Complex problems can usually be stripped back to “core problems,” and the “problem simplification” approach holds true with energy.
Looking at energy today, there is a complex web of interwoven issues: production, storgae, transmission, consumption, efficiency, conservation, etc. At the core, there are six primary uses uses of energy:
1. Lighting: From the candles of antiquity to the LED of the modern world, energy has carried the human species out of darkness.
2. Climate: From campfires to air conditioners, energy climatizes the world for comfortable human habitation.
3. Food: From cooking pots to an electric refrigerator, energy is widely consumed for safe food storage and preparation.
4. Production: From the ox driven hoe to the robotic assembly line, energy helps humanity produce more with less effort.

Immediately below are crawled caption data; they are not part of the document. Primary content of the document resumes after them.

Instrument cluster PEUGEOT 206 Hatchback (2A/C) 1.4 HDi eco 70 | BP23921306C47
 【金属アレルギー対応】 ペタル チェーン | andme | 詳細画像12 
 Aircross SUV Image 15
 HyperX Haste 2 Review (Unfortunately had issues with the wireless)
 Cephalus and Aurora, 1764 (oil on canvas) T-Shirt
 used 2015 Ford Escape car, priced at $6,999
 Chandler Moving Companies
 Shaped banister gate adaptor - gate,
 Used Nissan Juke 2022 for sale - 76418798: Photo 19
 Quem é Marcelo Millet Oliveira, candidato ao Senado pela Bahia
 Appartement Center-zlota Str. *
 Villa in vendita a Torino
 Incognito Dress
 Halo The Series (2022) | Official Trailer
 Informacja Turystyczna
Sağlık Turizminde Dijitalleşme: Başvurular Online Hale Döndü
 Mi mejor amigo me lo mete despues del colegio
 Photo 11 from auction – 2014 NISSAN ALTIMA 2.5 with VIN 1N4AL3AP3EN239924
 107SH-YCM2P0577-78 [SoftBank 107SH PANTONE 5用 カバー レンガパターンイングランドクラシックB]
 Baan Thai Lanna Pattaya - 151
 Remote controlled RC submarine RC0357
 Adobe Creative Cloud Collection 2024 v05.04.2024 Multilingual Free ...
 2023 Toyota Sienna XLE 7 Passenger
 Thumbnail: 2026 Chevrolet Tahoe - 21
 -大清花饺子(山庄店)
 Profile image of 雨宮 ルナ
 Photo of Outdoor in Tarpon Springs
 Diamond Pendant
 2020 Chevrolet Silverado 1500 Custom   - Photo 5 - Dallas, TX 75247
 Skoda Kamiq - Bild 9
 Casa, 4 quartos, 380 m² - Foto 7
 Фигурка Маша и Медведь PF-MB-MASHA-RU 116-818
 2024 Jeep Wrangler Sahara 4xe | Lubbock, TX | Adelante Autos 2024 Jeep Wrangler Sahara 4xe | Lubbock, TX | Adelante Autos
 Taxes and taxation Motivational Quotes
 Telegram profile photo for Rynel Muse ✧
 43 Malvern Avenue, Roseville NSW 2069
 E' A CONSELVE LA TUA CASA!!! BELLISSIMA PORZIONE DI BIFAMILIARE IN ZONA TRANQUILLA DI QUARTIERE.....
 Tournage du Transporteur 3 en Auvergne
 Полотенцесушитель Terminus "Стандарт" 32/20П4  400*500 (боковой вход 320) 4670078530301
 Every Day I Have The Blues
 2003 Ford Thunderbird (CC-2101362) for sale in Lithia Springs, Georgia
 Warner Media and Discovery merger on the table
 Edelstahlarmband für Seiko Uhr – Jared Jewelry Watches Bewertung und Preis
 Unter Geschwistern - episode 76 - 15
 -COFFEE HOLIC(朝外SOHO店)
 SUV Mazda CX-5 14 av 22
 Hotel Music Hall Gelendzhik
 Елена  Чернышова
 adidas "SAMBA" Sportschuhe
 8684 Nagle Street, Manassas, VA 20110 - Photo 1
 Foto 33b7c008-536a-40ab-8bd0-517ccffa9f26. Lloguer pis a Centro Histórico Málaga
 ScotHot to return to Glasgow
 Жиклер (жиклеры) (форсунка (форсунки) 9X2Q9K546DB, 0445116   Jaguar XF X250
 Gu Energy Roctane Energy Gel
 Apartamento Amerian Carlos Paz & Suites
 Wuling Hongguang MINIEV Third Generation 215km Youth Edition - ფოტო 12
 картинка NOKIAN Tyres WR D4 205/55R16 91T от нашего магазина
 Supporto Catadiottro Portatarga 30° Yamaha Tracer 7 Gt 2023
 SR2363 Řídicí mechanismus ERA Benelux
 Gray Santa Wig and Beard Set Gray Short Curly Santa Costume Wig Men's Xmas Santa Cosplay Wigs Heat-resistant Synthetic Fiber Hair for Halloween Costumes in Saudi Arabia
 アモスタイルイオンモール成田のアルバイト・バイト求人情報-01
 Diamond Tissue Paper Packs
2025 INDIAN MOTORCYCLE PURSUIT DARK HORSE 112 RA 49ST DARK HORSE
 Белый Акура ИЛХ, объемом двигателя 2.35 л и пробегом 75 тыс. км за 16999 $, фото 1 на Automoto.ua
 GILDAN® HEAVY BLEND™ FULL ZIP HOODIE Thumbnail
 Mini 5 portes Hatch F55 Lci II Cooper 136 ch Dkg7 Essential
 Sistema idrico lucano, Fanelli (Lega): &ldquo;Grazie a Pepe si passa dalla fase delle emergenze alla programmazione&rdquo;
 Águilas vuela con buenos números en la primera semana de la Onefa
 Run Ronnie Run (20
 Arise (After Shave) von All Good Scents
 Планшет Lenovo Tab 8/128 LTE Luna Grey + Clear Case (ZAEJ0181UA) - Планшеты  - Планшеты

5. Transportation: From the sled to the sports car, energy fuels movement around the planet and beyond.
6. Information: Most recently, from printed books to enlightened digits, energy is the backbone to an emerging information age.
When you look at the component “core problems” of energy and try to solve them directly, the daunting challenges of energy seem to go away. Let’s start with a highly inefficient category: lighting.
I am going to burn coal that has taken millions of years to form, heat some water, spin a turbine, vent excess heat into a river, create a magnetic field, electrify some metal, convert the electricity to a low voltage, send it over long wires for 60 miles, convert it back to a higher voltage, channel it through increasingly smaller wires, and then use the remaining energy to power a very small fire in a vacuum tube on my wall. Huh?
The modern day “solution” for lighting is completely counter-intuitive, unsustainable, and illogical. A more intelligent design would be lighting based on a chemical or biological process involving phosphorescence. For example, imagine a bright burning microbe that biodegraded waste products to produce light. Just a thought…
The purpose of this post is to say that solving the root problems intelligently, one-by-one will solve the many complexities of energy.
It’s funny how great innovations seem so simple AFTER the fact. Hindsight is indeed 20×20. However, new (or more broadly shared) innovation, new materials, and newer understanding of how these things come together is what makes for a brilliant future.
Take the greatest single source of energy ‘on’ Earth: our star Sol; the Sun.
It’s been there, right before our eyes since the dawn of life. Yet we started backwards, by burning fuel grown naturally in temperate sunlight.
Now we can take advantage of solar power through Photovoltaic or Sterling power capturing devices; wind turbines to harness daily changing temperatures (also caused by the Earth turning under that same Sun), wave & gravity powered water turbines (in estuarys & dams), recycling to reclaim used materials &energy, and even nuclear generators mimicing the solar process.
It all comes down to basic research, creative engineering technology applications, useful results, and most importantly: sharing that knowledge & power for the greater good of everyone.
Application of those innovations is both the final part of the process, and the first step forward into the future.
We already have many of the puzzle pieces available online, and the people with the required skills ready & waiting out here to begin to make it all happen.
Let’s find a way to take those steps in concrete actions.